However, it is important to note that these two columns are conflated internally, and actually represent a single annotation of the value “<POS>.<Morphology>” — a dot (.) acts as a separator between the two.

In a tag value, everything preceding the first dot is considered to be the (base) “POS” tag, while everything following it is treated as belonging to “Morphology”. An exception is made for tags having a single dot at the end, because some tagsets use tags like “$.” for punctuation. When exporting documents to XML, POS tags are split up into “pos” and “morph” tags according to this rule.

Note that you are not required to use morphological attributes in your tags — it is perfectly fine to use tagsets with only plain POS tags; the “Morphology” column can be conveniently hidden in this case.

Lemmatization

Lemma annotation is an open annotation layer represented by a text box.

Lemmatization always comes with a lemma verification checkbox that turns green when you click on it. When entering a lemma, the system will search for suggestions based on identical tokens with a marked lemma verification checkbox in all texts within the current project, and display them in bold green:

Lemma entry with marked verification checkbox and a lemma suggestion

The verification checkbox becomes unchecked when you modify the lemma entry, and becomes checked when you select a green (= verified) suggestion from the list.

Automatical lemma suggestions can also be provided by adding the lemma suggestion annotation layer.

Lemma suggestion

Provides auto-completion suggestions for lemma annotations.

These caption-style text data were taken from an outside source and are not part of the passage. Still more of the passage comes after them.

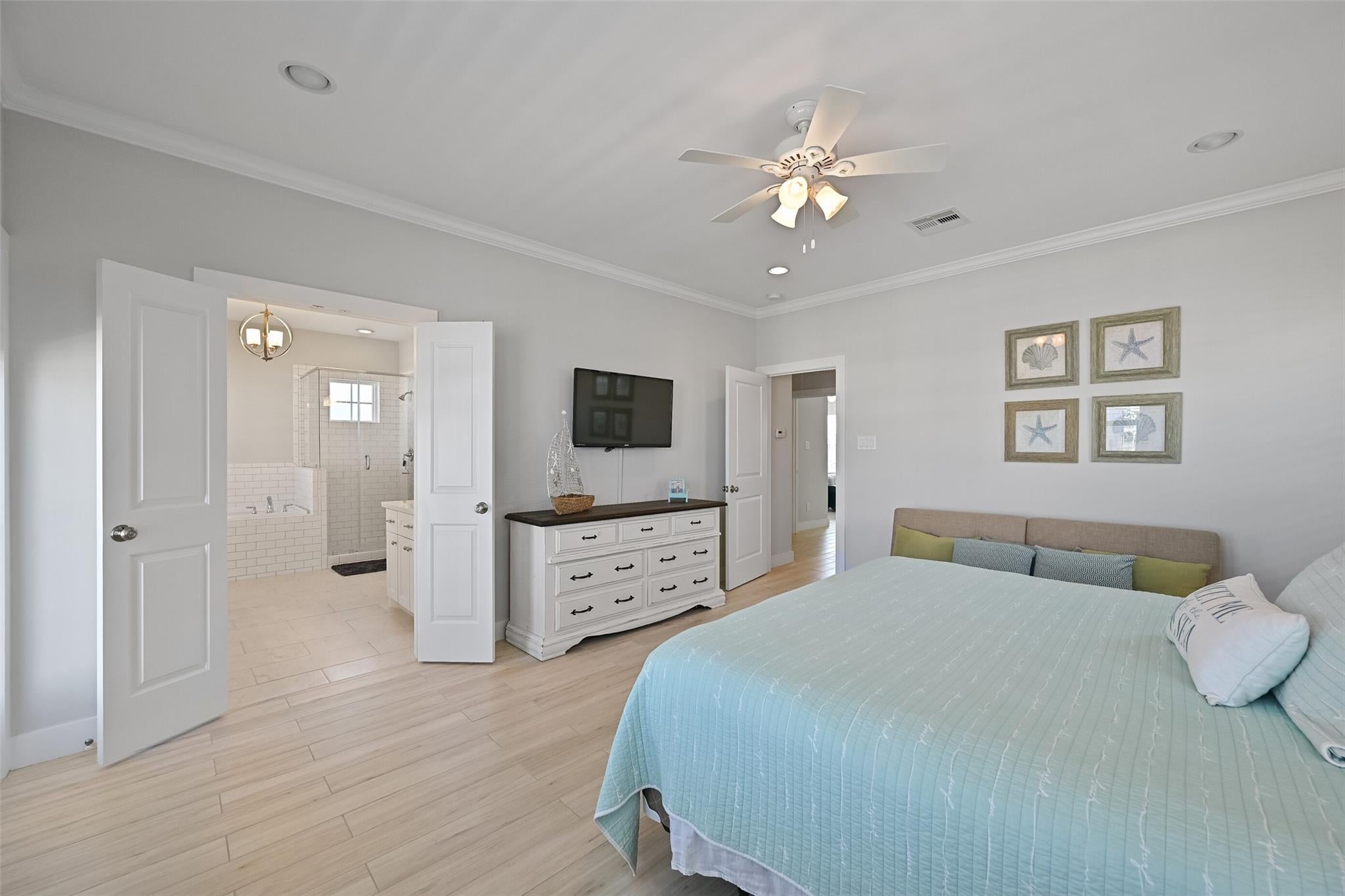 Galveston, Texas, 77554, United States, ,4 BathroomsBathrooms,Residential,Active,1867916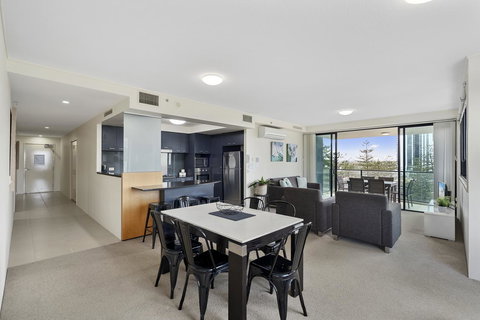 Broadbeach On The Park, 3 Bed Ocean - We Accommodate - Australian Directory 1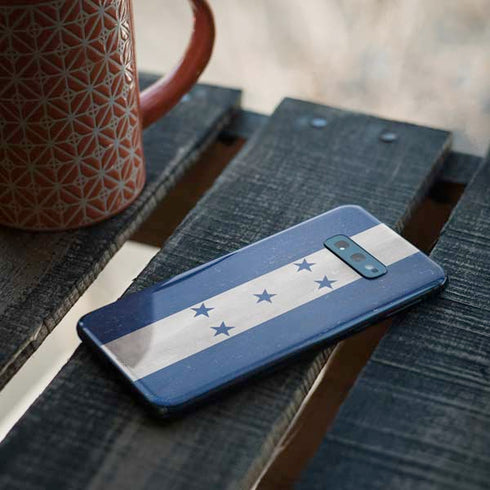 Honduras Flag Distressed Galaxy S10e Skin
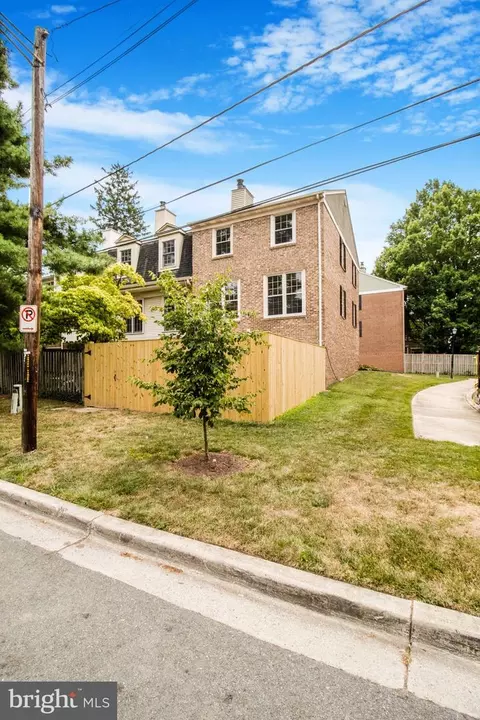 Exterior - 9049 Ottawa Pl, Silver Spring, MD 20910 photo 7 of 12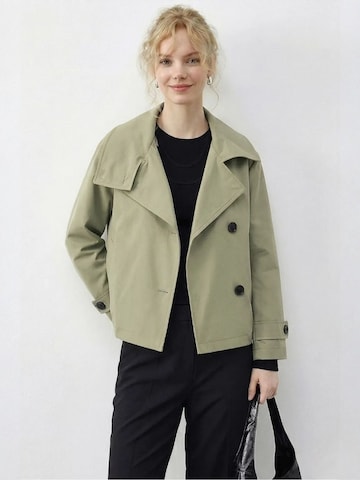 Bianco Lucci Between-Seasons Coat in Green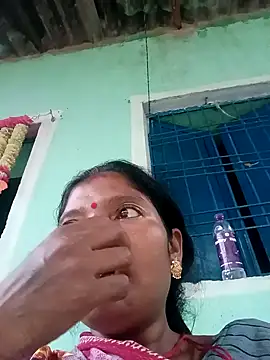 Snapshot of Jivika_Jaiswal chatting on October 27, 2025, 1:20 am Jivika Jaiswal online show from October 27, 2025, 1:20 am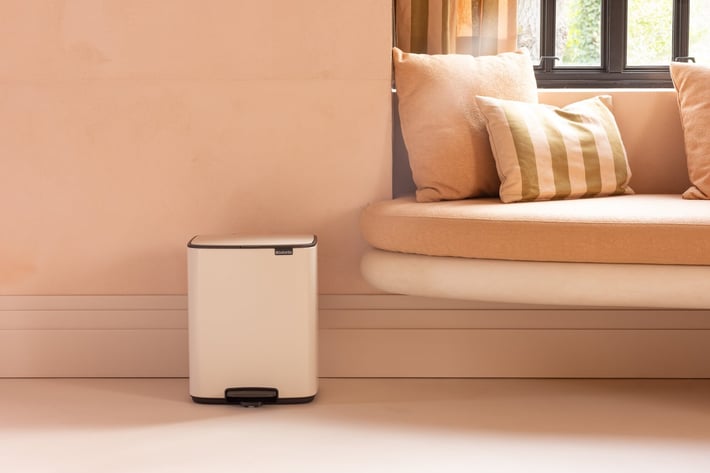 Coș de gunoi Brabantia Bo Pedal 12L, Soft Beige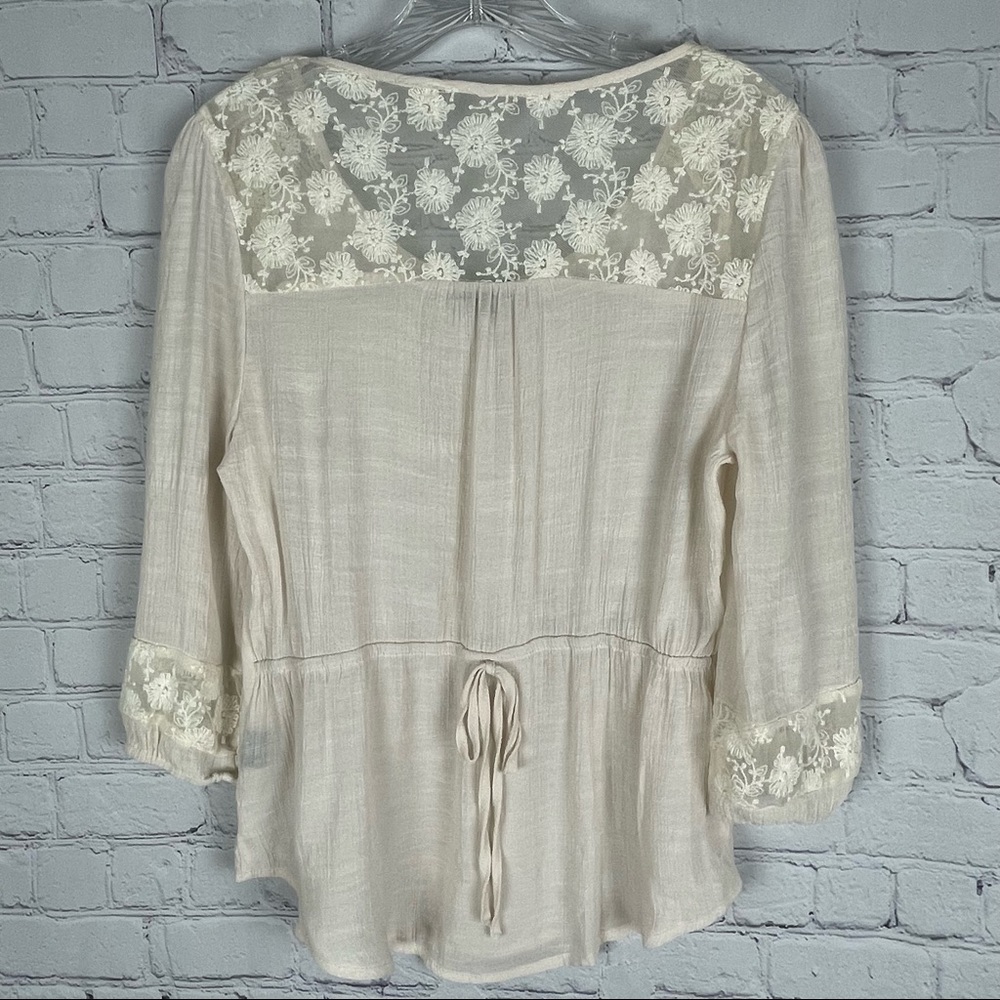 EM women's lightweight beige peasant style boho 3/4 sleeve top lace, size M - Picture 13 of 16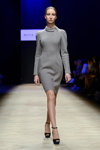 Modenschau von Milla Berillo — Aurora Fashion Week Russia AW14/15 (Looks: graues Kleid, hautfarbene transparente Strumpfhose, schwarze Pumps)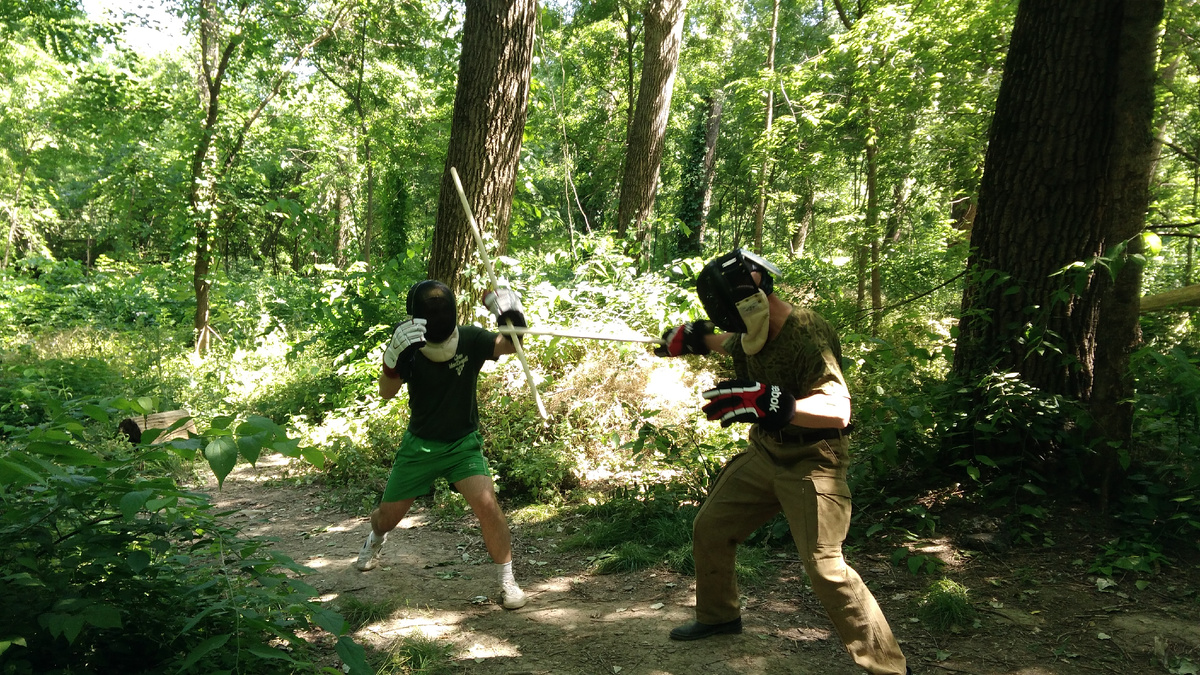справа автор, деремся легкими деревянными (ясень) палками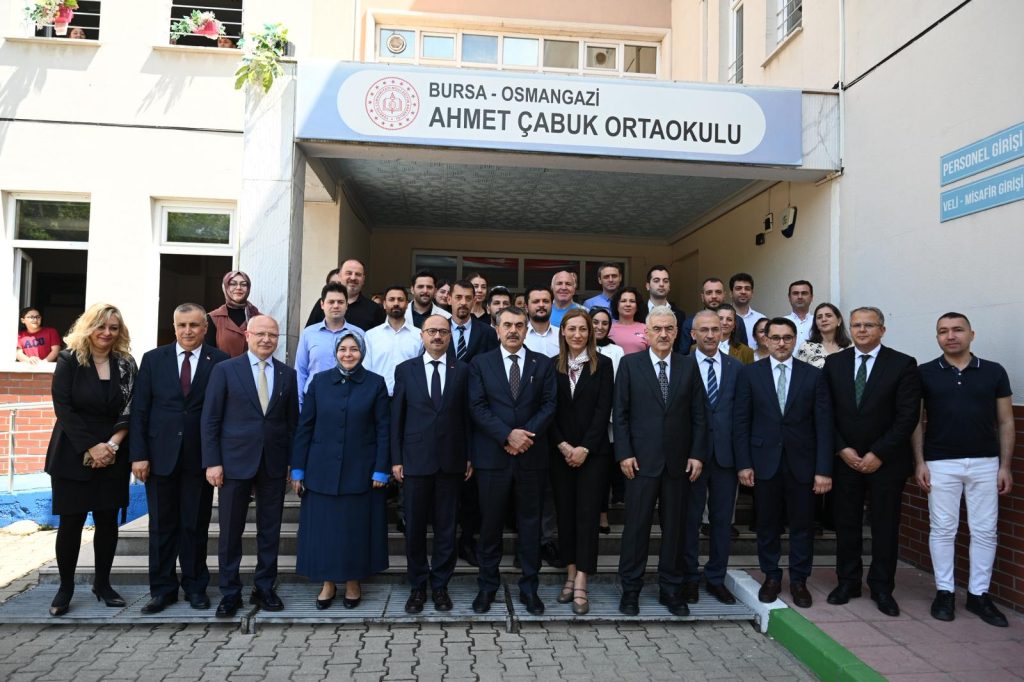 Bakan Yusuf Tekin Bursa’da Mehterle Karşılandı Bakan Yusuf Tekin Bursa’da Mehterle Karşılandı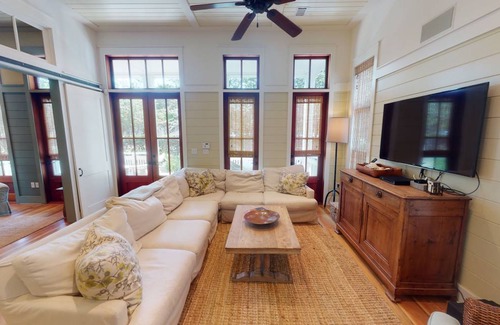 Beach District House | 339 m² House ∙ 6 bedrooms ∙ 14 guests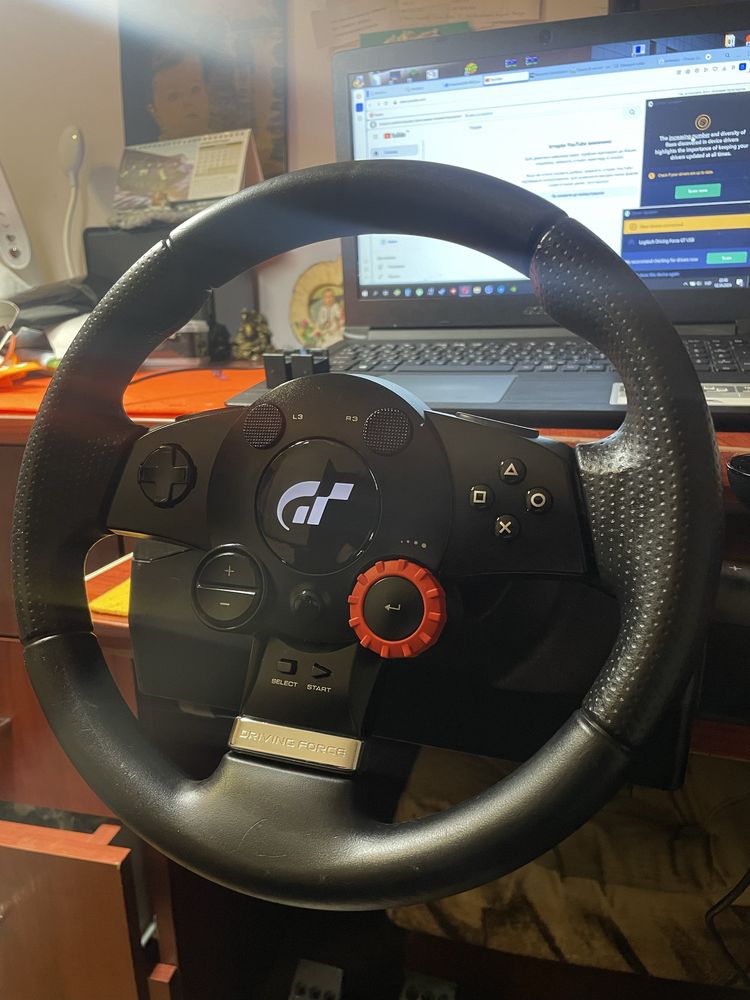 Logitech Driving Force GT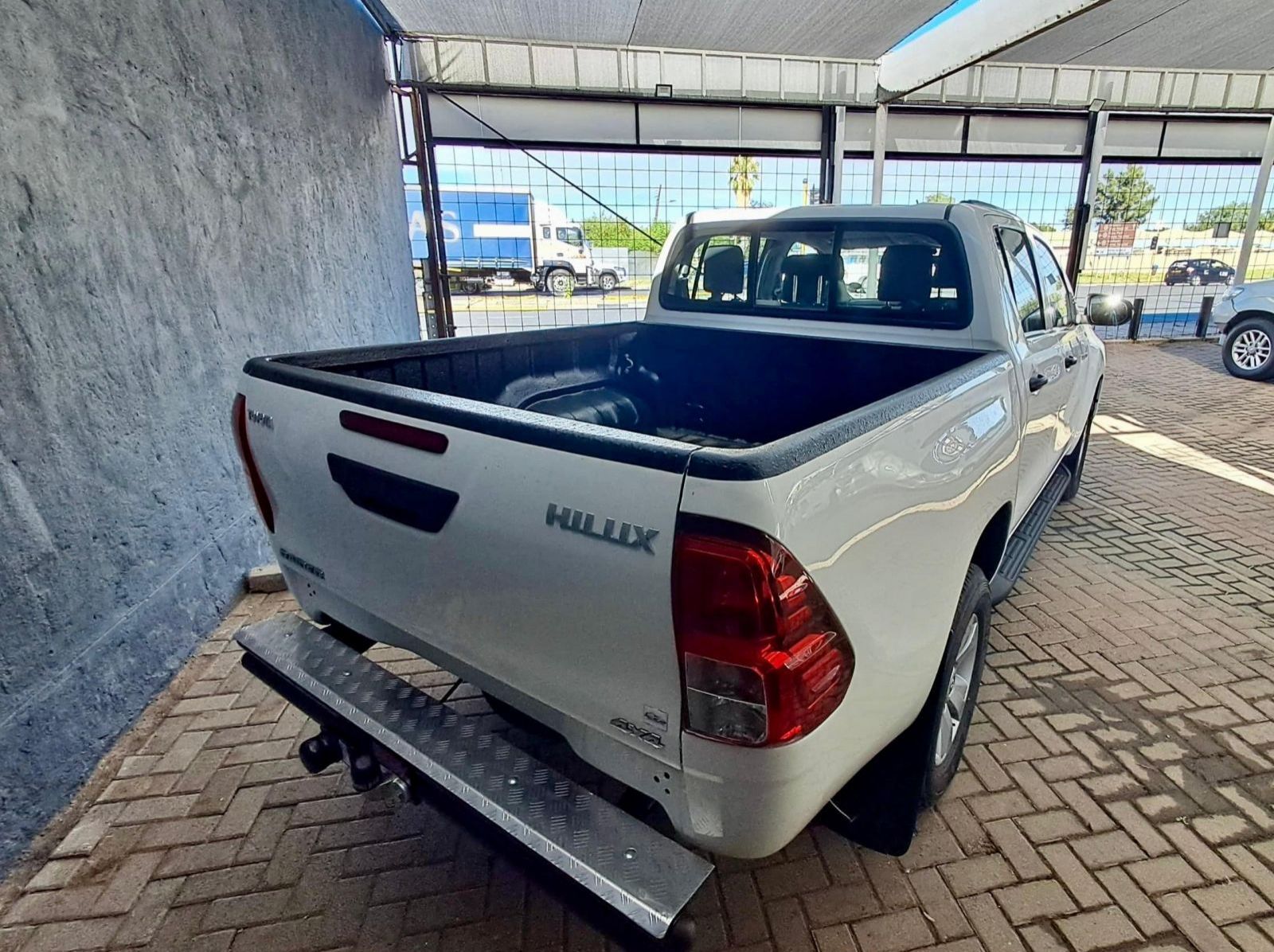 2022 Toyota Hilux 2.4 Gd-6 Raider 4x4 A/T D/C pictures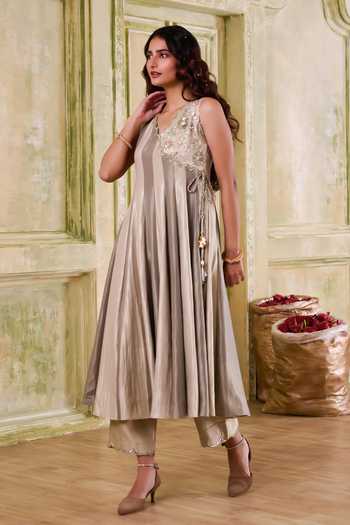 Shop_Muditaa By Urmila_Green Silk, Chanderi V-neck Sargam Banarasi Anarkali Set _Online_at_Aza_Fashions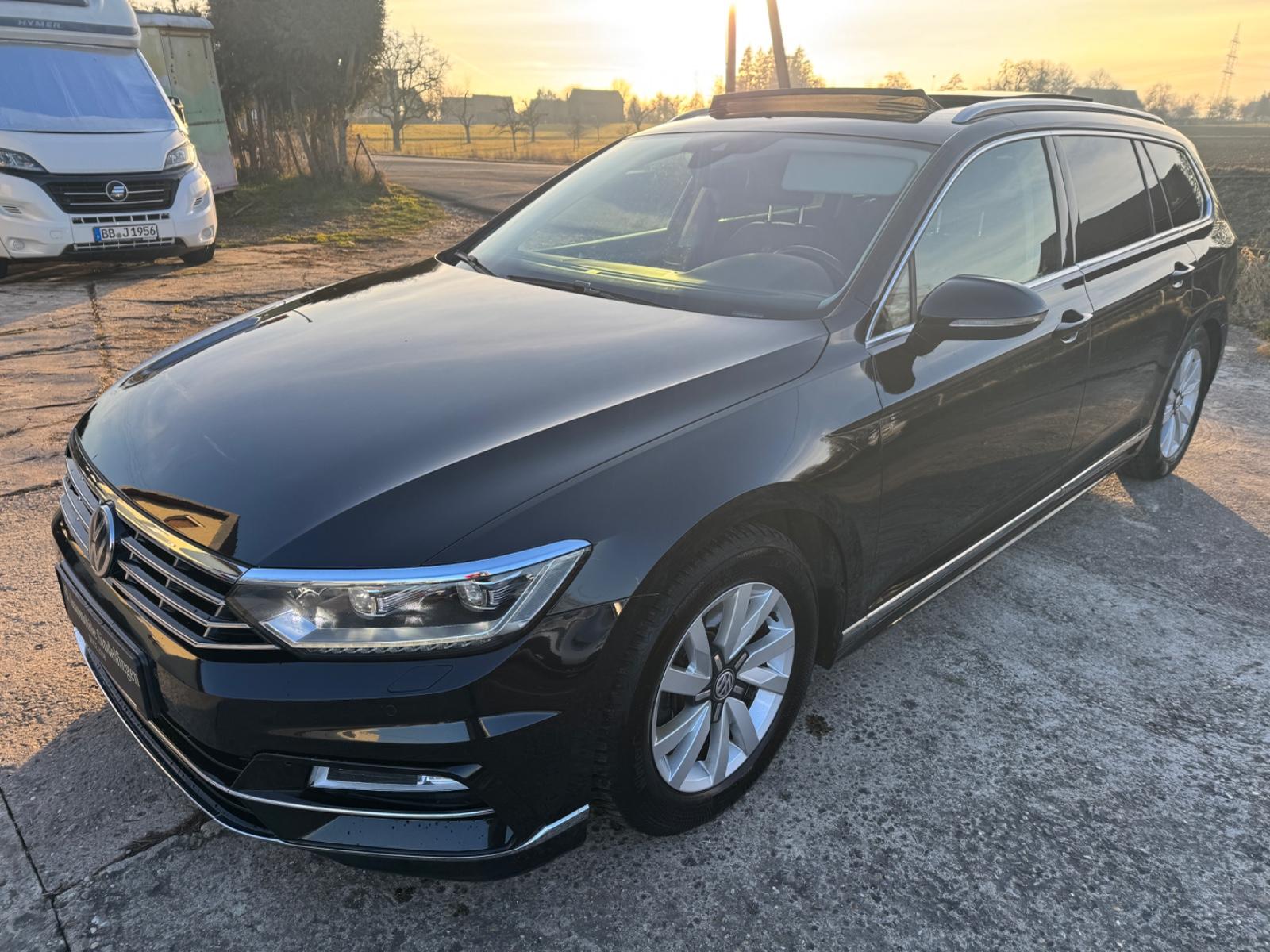 Volkswagen Passat Variant 2.0 TDI DSG Highline*R-LINE*PANO*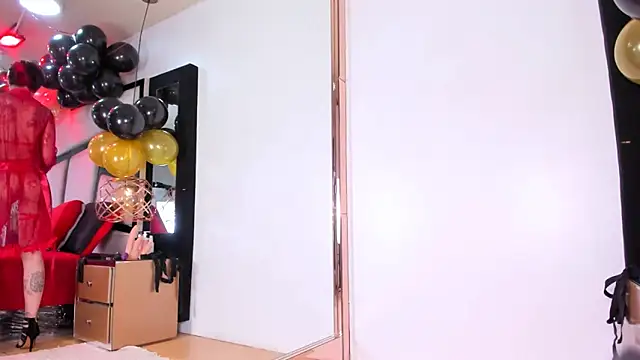 Snapshot of Calioperoux chatting on March 21, 9:18 pm Calioperoux online show from March 21, 9:18 pm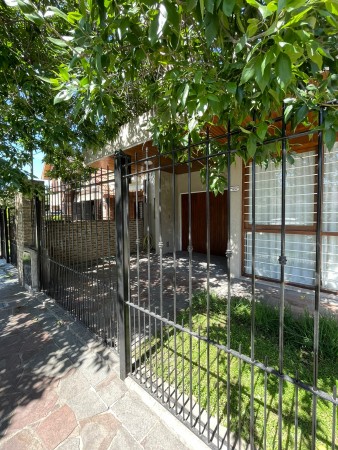 Casa 6 ambientes - San Nicolas 1339 - Castelar Norte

Strictly speaking, this isn’t an annotation layer at all; rather, it provides an additional resource to another annotation layer, the lemmatization layer. When using lemma suggestions, the lemma text field will provide auto-completion suggestions to the user based on the string that he entered and the values in the lemma suggestion “tagset”. A maximum of twenty suggestions can be shown at a time.

Auto-completion for lemmata based on a pre-defined list of lemma suggestions

In the auto-completion list, values in square brackets at the end of the string are displayed in light grey; a possible use case for this is IDs referring to an external lexicon. Apart from the distinctive rendering, these strings are not treated in any special way, though.

Special characters, such as accented letters, are conflated with their “simple” counterparts to a certain degree,² so that entering ‘a’ in the lemma field would find auto-complete suggestions like ‘à’ or ‘âme’.

Lemma part-of-speech

Part-of-speech annotation for the lemmatization, in case you want to distinguish between POS annotation of the wordform versus the lemma.

Like the usual part-of-speech annotation, this is a closed tagset and represented by a dropdown box, but with two important differences:

It supports only one dropdown box (i.e., there is no such thing as “lemma morphology”).
If the lemma part-of-speech is empty and the user selects a (token) part-of-speech tag, the lemma POS field will auto-select the first entry that begins with the same string as the selected POS tag. (For example, if the user annotates part-of-speech with “VVIMP”, the lemma POS field might auto-select the tag “VV”, if such a tag exists.)

Normalization

Normalization is an open annotation layer represented by a text box, and intended for some kind of “standardized” form of the annotated token (e.g., modern forms of historical words, tokens with corrected spelling, long forms of abbreviations, …).

There is no special functionality attached to the text field, except that it can be used as input for external annotators in place of the original token.

Modernization

Modernization is an open annotation layer represented by a text box, and intended to be a “broader” form of normalization.

As long as it’s empty, the associated text box will show a grayed-out copy of the normalization field. This reflects our original intention that modernization only needs to be annotated if it would actually differ from normalization. In practice, since it is a simple text box, you can use the field in any way you like.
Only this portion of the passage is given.